According to Theorem 2.7 of this paper, for every $x \geq e$, $$ \log x - \log \log x + \frac{1}{2}\frac{{\log \log x}}{{\log x}} \le W(x) \le \log x - \log \log x + \frac{e}{{e - 1}}\frac{{\log \log x}}{{\log x}} $$ (with equality only for $x=e$). Note that $\frac{e}{{e - 1}} \approx 1.582$.

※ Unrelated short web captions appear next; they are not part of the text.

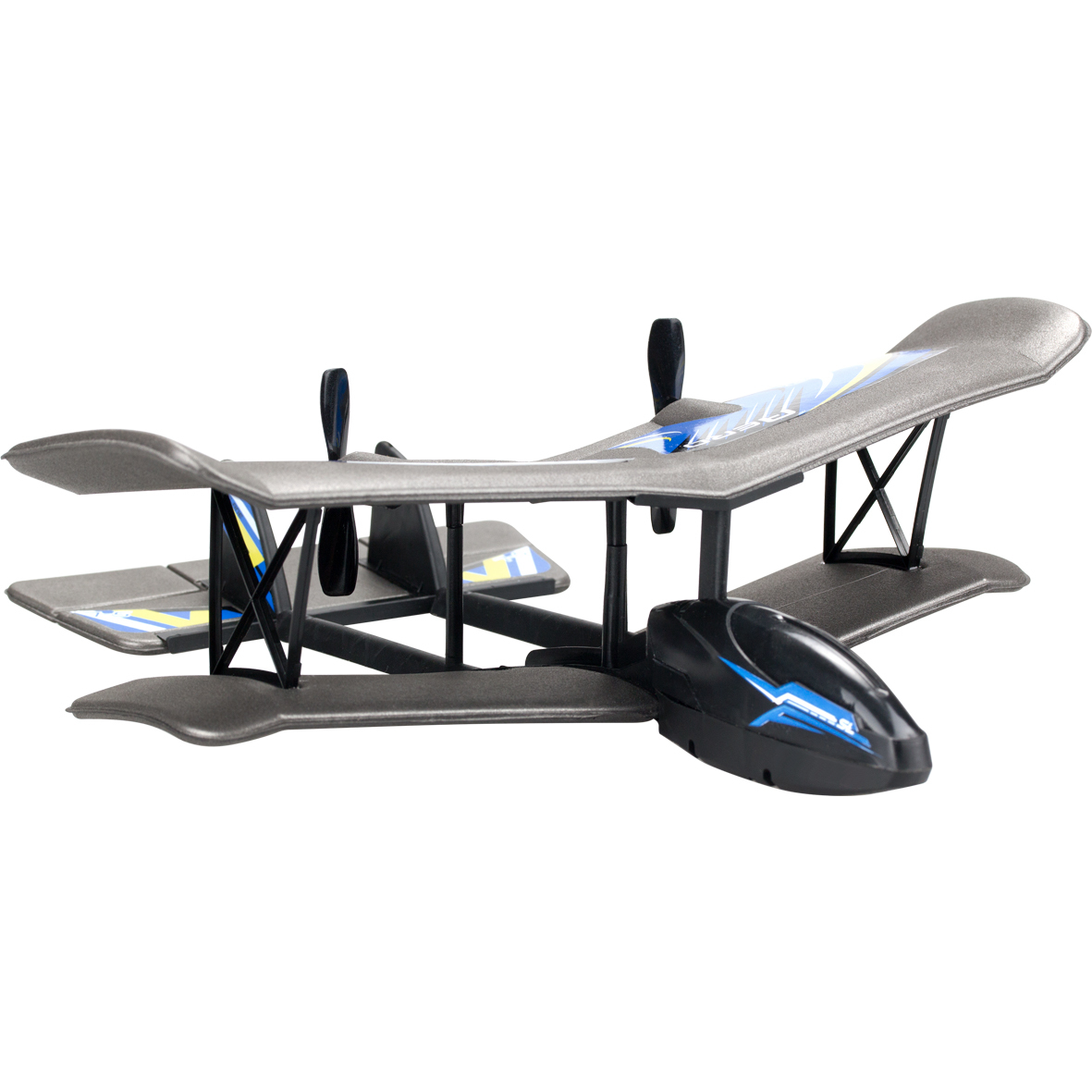 Silverlit SL85739 remote controlled toy – image 5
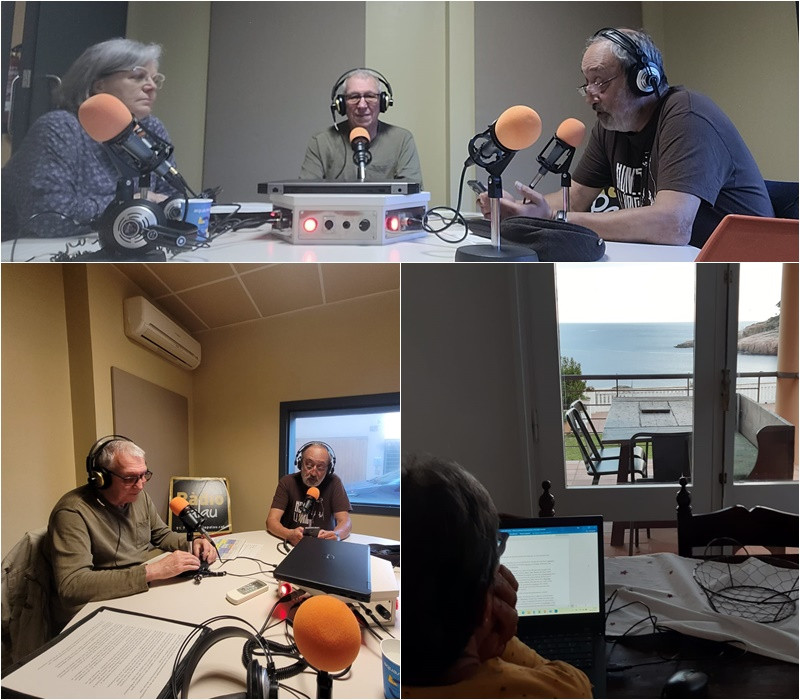 Collage Finestra Oberta 22 d'abril 2025.jpg
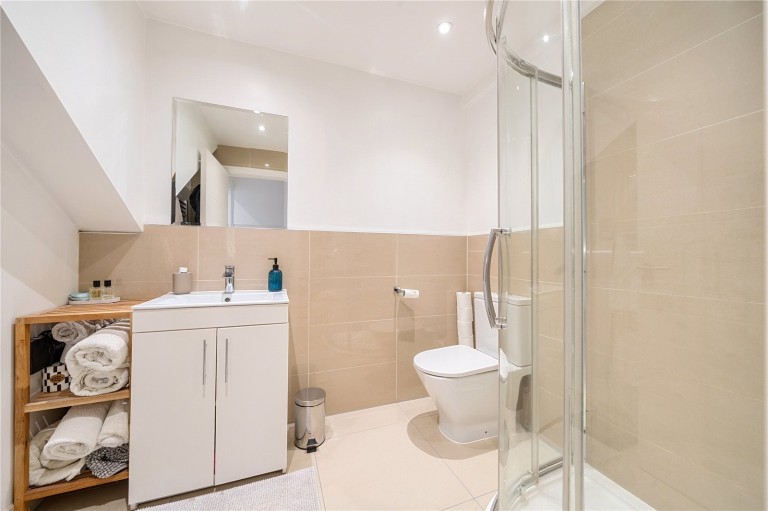 Images for North Road, Hersham, Walton-On-Thames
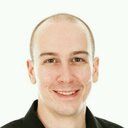 Mark Burrage - @0c95a7eb55dc46f - Twitter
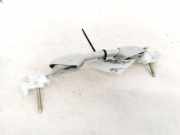 Haltegriff Haltegriff Verdeckgriff - Vorne Rechts Citroen C5, I 2004.08 - 2008.02 facelift Gebraucht,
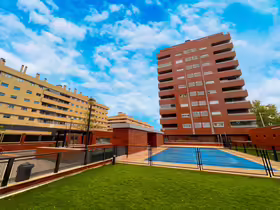 Seseña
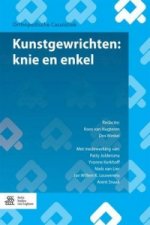 Kunstgewrichten: knie en enkel
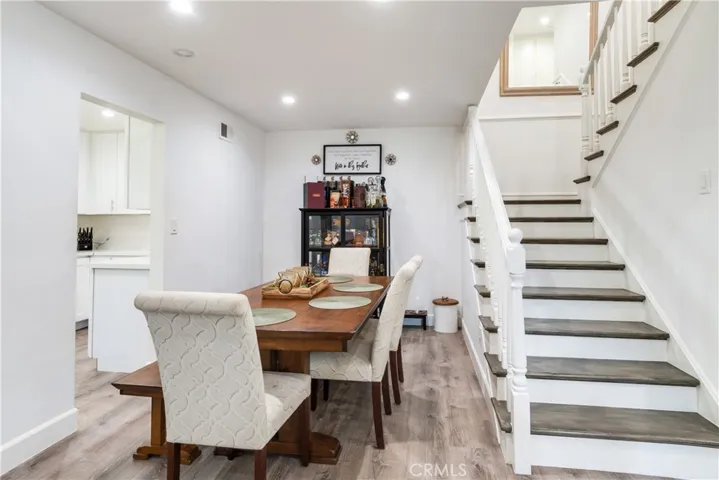 1711 Huntsman Court, Rancho Palos Verdes, California 90275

EDIT (cf. Juan's answer). According to Wolfram MathWorld, an asymptotic formula which yields reasonably accurate results for sufficiently large $x$ is $$ W(x) = L_1 - L_2 + \frac{{L_2 }}{{L_1 }} + \frac{{L_2 ( - 2 + L_2 )}}{{2L_1^2 }} + \frac{{L_2 (6 - 9L_2 + 2L_2^2 )}}{{6L_1^3 }} $$ $$ + \frac{{L_2 ( - 12 + 36L_2 - 22L_2^2 + 3L_2^3 )}}{{12L_1^4 }} + \frac{{L_2 (60 - 300L_2 + 350L_2^2 - 125L_2^3 + 12L_2^4 )}}{{60L_1^5 }} + O\bigg[\bigg(\frac{{L_2 }}{{L_1 }}\bigg)^6 \bigg], $$ where $$ L_1 = \log x $$ $$ L_2 = \log \log x. $$ Useful references can be found in that link.

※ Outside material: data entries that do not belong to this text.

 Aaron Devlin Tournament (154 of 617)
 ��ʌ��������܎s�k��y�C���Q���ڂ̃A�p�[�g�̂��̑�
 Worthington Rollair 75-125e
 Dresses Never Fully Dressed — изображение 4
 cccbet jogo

One of the original papers by Corless et al. on the Lambert function gives the following series expansion at $\infty$ for the (principal branch of the) Lambert function:
$$W_0(z)=\ln\;z-\ln\ln\;z+\sum_{n=1}^\infty\left(\frac{-1}{\ln\;z}\right)^n \sum_{m=1}^n (-1)^m \left[n\atop{n-m+1}\right]\frac{(\ln\ln\;z)^m}{m!}$$
where $\left[n\atop m\right]$ is a Stirling cycle number.

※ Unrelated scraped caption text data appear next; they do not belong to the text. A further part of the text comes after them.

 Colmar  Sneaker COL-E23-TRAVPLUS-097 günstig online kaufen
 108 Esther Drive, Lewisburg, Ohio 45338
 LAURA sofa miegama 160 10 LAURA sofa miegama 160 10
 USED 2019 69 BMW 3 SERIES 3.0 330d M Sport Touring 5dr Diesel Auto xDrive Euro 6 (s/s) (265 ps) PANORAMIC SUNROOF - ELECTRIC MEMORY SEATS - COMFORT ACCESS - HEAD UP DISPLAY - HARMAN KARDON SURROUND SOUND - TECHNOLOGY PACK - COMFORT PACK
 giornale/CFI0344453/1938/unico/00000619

This Mathematica program takes a while to evaluate:
Clear[x, a, nn, b, z]
nn = 200;
z = 100
a = Series[Exp[-x], {x, N[Log[z], 500], nn}];
b = Normal[InverseSeries[Series[x/a, {x, 0, nn}]]];
x = z;
N[b, 20]
N[LambertW[x], 30]
It appears to give LambertW(100) = 3.3856301402900501849... but it uses 200 terms of the power series of Exp[-x] expanded at Log[100] to get there.